The Birth of Rum


Once the vats are filled, seeding is carried out by use of saccharomyces cerevisæ yeast. In order that fermentation occur under optimal conditions, the vats are acidified to eliminate bacteria — the yeast doesn’t suffer and can still transform the sugar into ethyl alcohol.

For a period of twenty-four to forty-eight hours a slight bubbling develops due to the carbon dioxide activated by the yeast. It is during this phase that the alcohol and its aromatic elements are created, conferring their typical features on the finished product.

But the fermenting process raises the temperature which must be controlled: the vats are cooled by water trickling along the outer walls or by cold water circulating through integrated winding stainless steel pipes. As soon as the vat “drops” that is, once the surface is calm, the fermentation is completed. The strength of the cane wine is at this point four to five degrees — it is ready for distilling.


Invented at the beginning of the XIX th century, the distilling column gradually replaced the Labat or Privat stills. Each specimen, the pride of the rum producer, is meticulously cared for and is unique, bestowing upon the rum its very taste and the special aromatic notes.

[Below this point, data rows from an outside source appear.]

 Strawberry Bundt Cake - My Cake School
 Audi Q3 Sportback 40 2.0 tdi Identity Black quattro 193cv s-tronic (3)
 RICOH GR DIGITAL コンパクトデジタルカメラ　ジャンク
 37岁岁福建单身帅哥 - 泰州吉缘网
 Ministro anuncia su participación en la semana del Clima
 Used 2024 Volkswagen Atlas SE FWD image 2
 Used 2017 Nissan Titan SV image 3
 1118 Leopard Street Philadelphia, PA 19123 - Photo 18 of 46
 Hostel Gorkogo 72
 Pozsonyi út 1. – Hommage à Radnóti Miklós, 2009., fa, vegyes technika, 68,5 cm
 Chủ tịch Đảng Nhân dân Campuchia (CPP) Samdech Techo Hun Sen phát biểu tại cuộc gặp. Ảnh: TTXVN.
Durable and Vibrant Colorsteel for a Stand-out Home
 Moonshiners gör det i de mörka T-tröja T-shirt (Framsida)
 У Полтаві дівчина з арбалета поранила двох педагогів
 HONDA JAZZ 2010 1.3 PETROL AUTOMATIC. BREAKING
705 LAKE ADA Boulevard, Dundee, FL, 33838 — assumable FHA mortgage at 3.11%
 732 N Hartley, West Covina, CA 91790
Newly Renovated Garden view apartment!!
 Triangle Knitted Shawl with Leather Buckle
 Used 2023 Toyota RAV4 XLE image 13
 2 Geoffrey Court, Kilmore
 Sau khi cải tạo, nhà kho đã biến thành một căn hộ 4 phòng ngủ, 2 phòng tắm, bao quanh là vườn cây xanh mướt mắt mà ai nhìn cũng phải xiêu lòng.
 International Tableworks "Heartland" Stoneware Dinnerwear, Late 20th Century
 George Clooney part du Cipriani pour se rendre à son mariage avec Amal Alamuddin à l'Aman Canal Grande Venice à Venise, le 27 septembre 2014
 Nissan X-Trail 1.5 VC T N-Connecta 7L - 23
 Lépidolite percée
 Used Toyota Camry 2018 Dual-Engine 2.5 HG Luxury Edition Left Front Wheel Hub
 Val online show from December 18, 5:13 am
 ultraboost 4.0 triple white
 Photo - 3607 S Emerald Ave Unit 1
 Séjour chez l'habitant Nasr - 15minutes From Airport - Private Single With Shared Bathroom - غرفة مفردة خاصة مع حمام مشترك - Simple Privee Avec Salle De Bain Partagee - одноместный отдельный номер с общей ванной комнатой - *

The distilling process consists of heating the sugarcane wine in order to evaporate it and later condense all of the volatile elements: the alcohol, alcoholate, and certain non-alcoholic elements such as the esters and aldehydes. Hence the wine crosses the wine-heater to reach a temperature of sixty-five to seventy-five degrees Celsius. It is then injected into the top of the column while the steam is sent up from the bottom. Their paths cross throughout the process, creating a bubbling phenomenon Gradually enriched with all the volatile compounds, this steam, now in the form of alcohol is directed toward the condensers where it is cooled to room temperature. This is the rum known as “rhum de coulage” or unrefined rum

Upon leaving the distilling column, the rum is of seventy degree strength. It passes through a glass test tube enabling the distiller to control its alcoholic volume, limpidity and specific characteristics. Samples are then scientifically analyzed in order to evaluate its qualities.